相続放棄により、初めから相続人とならなかったものとみなされます(民法939条)ので、遺産を相続できない代わりに、親の借金は支払わずに済みます。
ただし、相続放棄を正式に行うためには、家庭裁判所に相続放棄の申述をする必要があり(民法938条)、そのための書類を準備しなければなりません。
なお、相続人の一人から相続放棄の書面(「相続分がないことの証明書」を含む)が送られてくることがありますが、これはあくまでも「事実上のもの」であり、正式な相続放棄とは異なります。
気軽にサインすると思わぬリスクを負いますので、注意が必要です(後述します)。
相続放棄をする理由は?
わざわざ相続を放棄する理由としては、以下のことが考えられます。
①親の借金の支払いを免れる
②特定の相続人に遺産を集中させる
③面倒な相続争いを回避したい
④すでに生前贈与で多くをもらっている
もっとも、②~③は遺産分割でも実現できますので、本来、相続放棄をする大きな理由となるのは①です。
相続放棄には期間制限(熟慮期間)がある
相続放棄の熟慮期間は「3か月」
相続放棄には熟慮期間という期間制限があり、「相続の開始があったことを知った時」から「3か月以内」に裁判所に手続をする必要があります(民法915条1項)。
かなり短い期間ですので、相続放棄をするかどうかの見切りは早めにする必要があります。
熟慮期間は延長できる(熟慮期間の伸長)
資産や負債の調査が終わっておらず、相続放棄するかどうかの判断ができない時は、裁判所に熟慮期間の伸長の申し立てができます。

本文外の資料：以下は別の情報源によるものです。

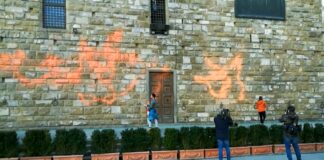 Firenze, attivisti ambientalisti imbrattano Palazzo della Signoria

3か月~6か月程度伸ばせることが多いので、間に合わなそうな場合は、早めに伸長の申立てを検討しましょう。
熟慮期間が過ぎてしまっても諦める必要はない
では、熟慮期間を過ぎてしまったら絶対相続放棄できないかというと、必ずしもそうではありません。
最高裁判所は、3か月以内に限定承認又は相続放棄をしなかったのが、
- 相続財産が全く存在しないと信じたためであり、
- このように信ずることについて相当の理由がある場合
には、相続人が相続財産の全部若しくは一部の存在を認識した時又は通常これを認識しうべかりし時から起算する
と判断し、起算点を繰り下げました(最判昭和59年4月27日)。
この起算点の繰り下げが認められるどうかはケースバイケースで、上記基準を機械的に当てはめるわけではありません。

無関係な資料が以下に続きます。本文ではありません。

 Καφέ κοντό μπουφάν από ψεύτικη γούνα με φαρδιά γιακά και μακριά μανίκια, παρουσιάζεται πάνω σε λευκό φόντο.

たとえば、相続財産の一部に認識があっても相続放棄を認めることはありますので、簡単に諦める必要はありません。
熟慮期間前の単純承認には注意
逆に、熟慮期間の前であればいつでも大丈夫というわけではありません。
預貯金を下ろして使うなど、遺産を「処分」してしまうと、相続を承認したことになり(単純承認)、熟慮期間の前であっても相続放棄できなくなります(民法920条)。
そういう意味においては、相続放棄は相続開始直後から意識しなければならない問題といえます。
相続放棄により相続人でなかった親族が相続人になる場合もある
相続放棄により自分は相続人ではなくなりますが、本来、相続人ではなかった親族が相続人になる場合があります。
たとえば、子供だけが相続人の場合に、子供が全員相続放棄をすると、両親や兄弟が次順位の相続人として相続します。
子供が全員相続放棄したことを知らないと、いつの間にか相続人として債務を相続しているということになりかねませんので、注意が必要です。
「事実上の相続放棄」は要注意!
裁判所の正式な手続きではなく、相続放棄証明書や相続分がないことの証明書といった書類にただサインをする場合があります。「事実上の相続放棄」といい、遺産を取得しないことは正式な相続放棄と変わりありません。
しかし、「事実上の相続放棄」では債務を免れることはできず、債権者からの相続債務の支払請求を拒否できませんので注意が必要です。
「事実上の相続放棄」をするにしても、亡くなった方の通帳や契約書・請求書などを精査し、借り入れやクレジットカードの契約がないか確認してからにしましょう。信用情報機関というところで亡くなった方の借り入れ状況について調べると、なおいいです。